While the citizens of rising economies like India and China are getting more and more educated, North America is dumbing down.
According to an article in the Economist, high tuition levels prevent 40% of qualified high-school graduates from attending 4-year programs and 22% from attending college at all. This while India has doubled its university student population since the early 90s and China's PhD recipients have jumped from 14,500 in 1998 to 48,700 in 2003 (see article)!

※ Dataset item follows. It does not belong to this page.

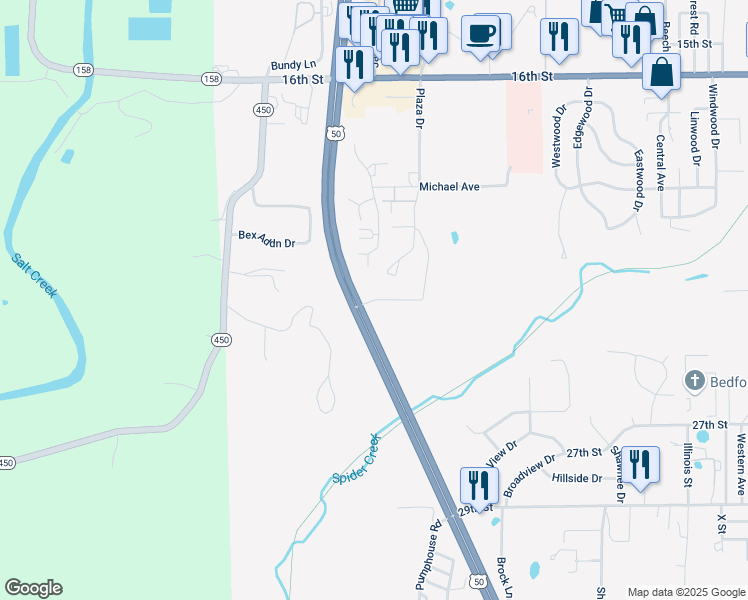 map of restaurants, bars, coffee shops, grocery stores, and more near 3324 Patrick Robbins Way in Bedford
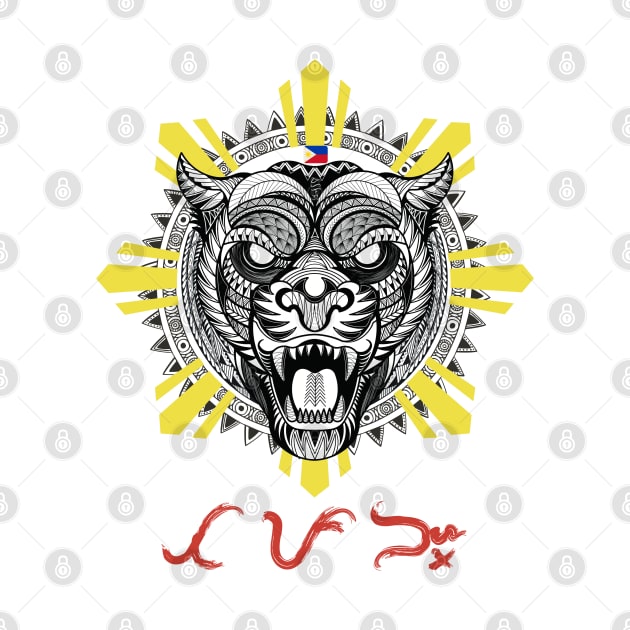 Tribal line Art Tiger / Philippine Flag Sun Baybayin word Tapang (Courage) by Pirma Pinas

Technology companies like Intel, Microsoft, AMD, and Cisco are investing billions in the Indian economy. Not only is labour cheaper than in America but it is also a highly educated labour force. Instead of whining about the loss of jobs, North Americans need to take education seriously. It starts with the government and translates into, among other things, more investment in universities and student support programs with lower tuition fees and favourable lending policies. Traditionally, many immigrants in North America have been underemployed. This is changing. As their home countries become more competitive and economies take off, many of these people will be returning home or not immigrating to North America in the first place.
The education of the masses is a good thing. It indirectly reduces poverty and the spread of diseases like AIDS. The first world should want rising economies around the world to flourish. From an economic perspective, these economies will be purchasing many of the goods manufactured by first world corporations. Our concern, as the world gets more educated, should be centered on what place our children will occupy in the resulting food chain.